“Non è che siamo contro i beni o diciamo che la Chiesa non possa avere tutto ciò di cui ha bisogno. Ma la domanda è un’altra: perché non circolano? Mettiamo il caso di una congregazione che abbia in banca una somma consistente, in vista di una maggiore sicurezza per la vecchiaia dei suoi membri. E’ questa la finalità? Quei soldi non potrebbero servire a un altro istituto? A un pezzo di Chiesa sofferente che ha bisogno? Perché non sappiamo dire che mettiamo i nostri averi a disposizione di tanti altri? Notiamo che non sempre c’è questa sensibilità o questa disponibilità a far circolare i beni. E ciò, invece, aiuterebbe tanto e potremmo soccorrere situazioni molto difficili, divenendo anche più liberi da tutto quello che abbiamo. Alle volte ho l’impressione che manca un senso profondo della Provvidenza di Dio”.

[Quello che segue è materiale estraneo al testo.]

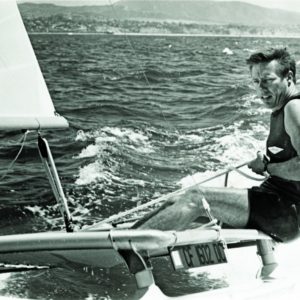 Hobie – An Icon of Surf and Sea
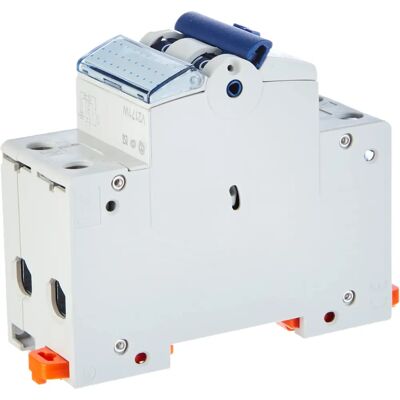 Gewiss GW94007 16A 1P+N RCD - 230V IP20 Montaż na szynę DIN Gewiss GW94007 16A 1P+N RCD - 230V IP20 Montaż na szynę DIN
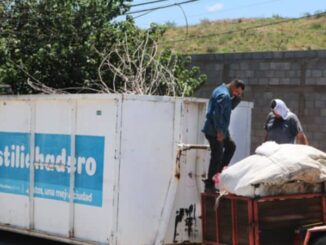 Visitará programa Destilichadero seis colonias del 28 de julio al 2 de agosto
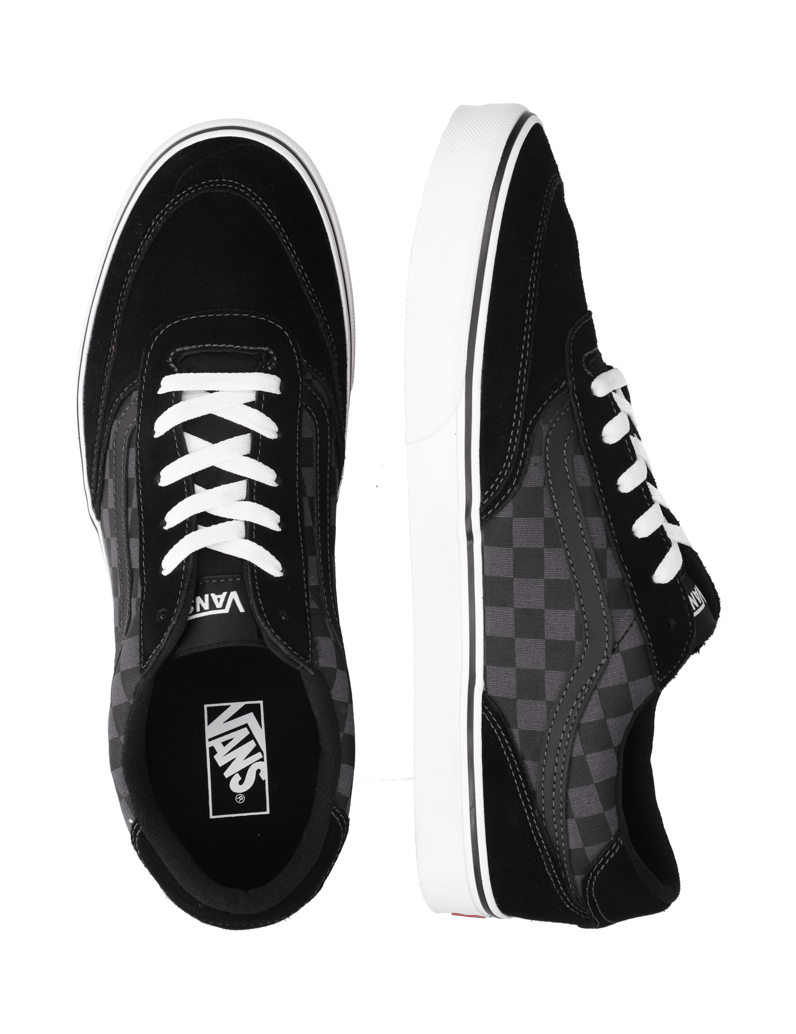 Vans-Brooklyn-LS-črna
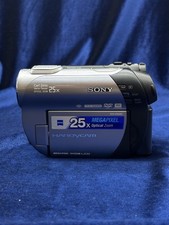 Sony Handycam DCR-DVD306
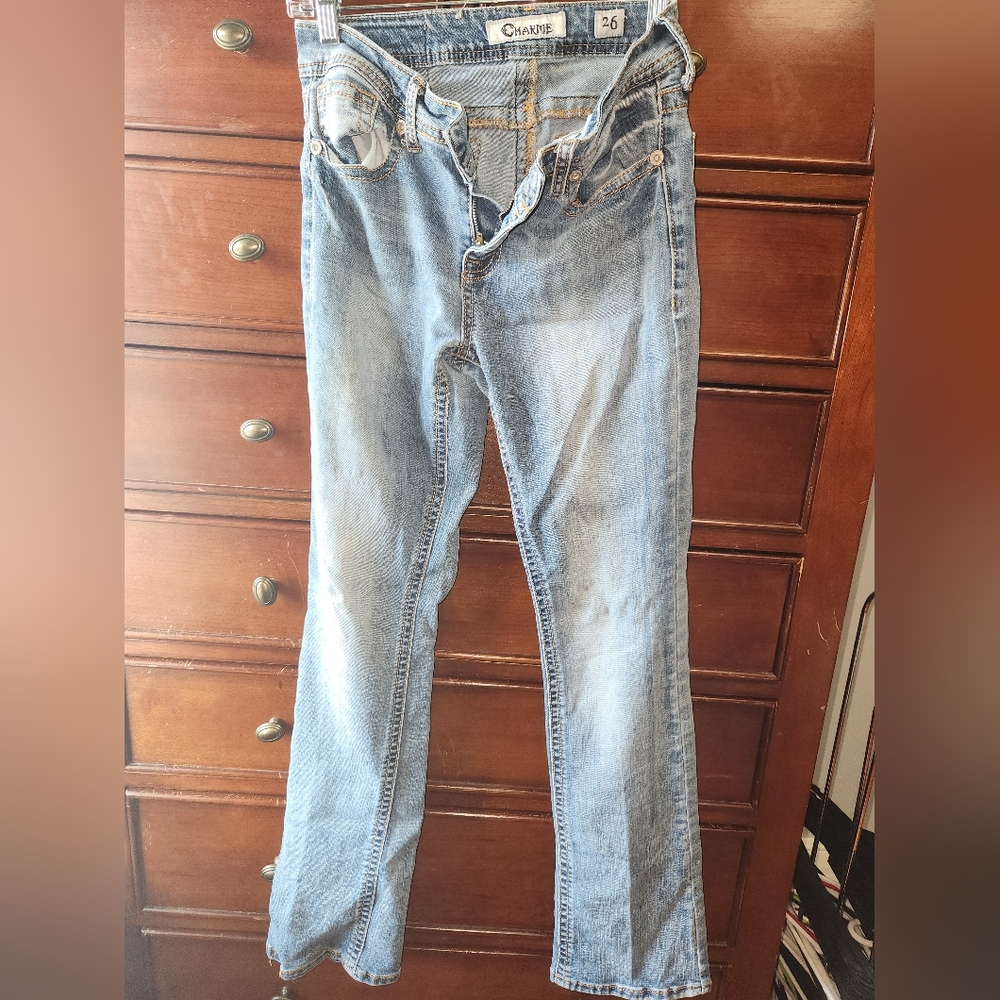 Charme Jeans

Le sagge parole pronunciate di recente dal neocardinale brasiliano Joao Braz de Aviz, prefetto della congregazione vaticana per gli istituti di vita consacrata e le società di vita apostolica, forniscono uno spunto interessante per vagliare la discussione in merito all’imposta immobiliare (Imu) sugli edifici della Chiesa e di altre organizzazioni non profit. Perché a prescindere dall’opportunità politica della vicenda – per me bene ha fatto il governo Monti a modificare una normativa ambigua, bene hanno fatto Vaticano e Cei a dare il loro avallo – e a prescindere dal dibattito sulle scuole paritarie, dalla parabola dei talenti in poi per il cristianesimo far profitto non è peccato, mentre lo è conservare gelosamente la fortuna ricevuta. Detto in termini più economici, produrre non è “evangelicamente scorretto”, lo è non ridistribuire.

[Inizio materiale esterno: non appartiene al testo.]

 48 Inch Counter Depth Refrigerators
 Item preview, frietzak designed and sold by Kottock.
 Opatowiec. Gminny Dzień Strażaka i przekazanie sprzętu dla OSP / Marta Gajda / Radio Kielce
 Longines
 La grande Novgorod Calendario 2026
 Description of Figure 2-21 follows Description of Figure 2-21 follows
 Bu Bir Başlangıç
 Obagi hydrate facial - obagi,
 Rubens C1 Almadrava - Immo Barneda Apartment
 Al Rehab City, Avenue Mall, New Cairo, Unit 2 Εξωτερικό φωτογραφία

Ora la distinzione tra profit e non profit, necessaria in uno Stato laico, non sempre si attaglia a questa logica. Si può immaginare, ad esempio, che un ricco istituto di un ordine religioso utilizzi i profitti per finanziare una mensa per poveri (o per pagare la retta ai suoi studenti meno abbienti…). Contabilmente farebbe profit, ma da un punto di vista cattolico si chiama carità. Al contrario, un dirigente malandrino di un istituto paritario può reinvestire il profitto in convegni con i quali, sotto l’apparenza dell’attività didattica, paga in realtà qualche suo amico a peso d’oro per un paio di ore seminariali. Contabilmente sarebbe non profit, evangelicamente sarebbe scorretto. Più in generale, se i soldi raccolti dalla Chiesa cattolica venissero ridistribuiti a chi ne ha bisogno, che problema ci sarebbe con il profit? Se lo Ior non avesse conti correnti anonimi di dubbia derivazione e ancor più dubbia destinazione, se gli affitti degli immobili di Propaganda fide fossero destinati esclusivamente a opere di carità nelle missioni… Utopia? O – per usare le parole del cardinale Braz de Aviz – semplice senso della Provvidenza?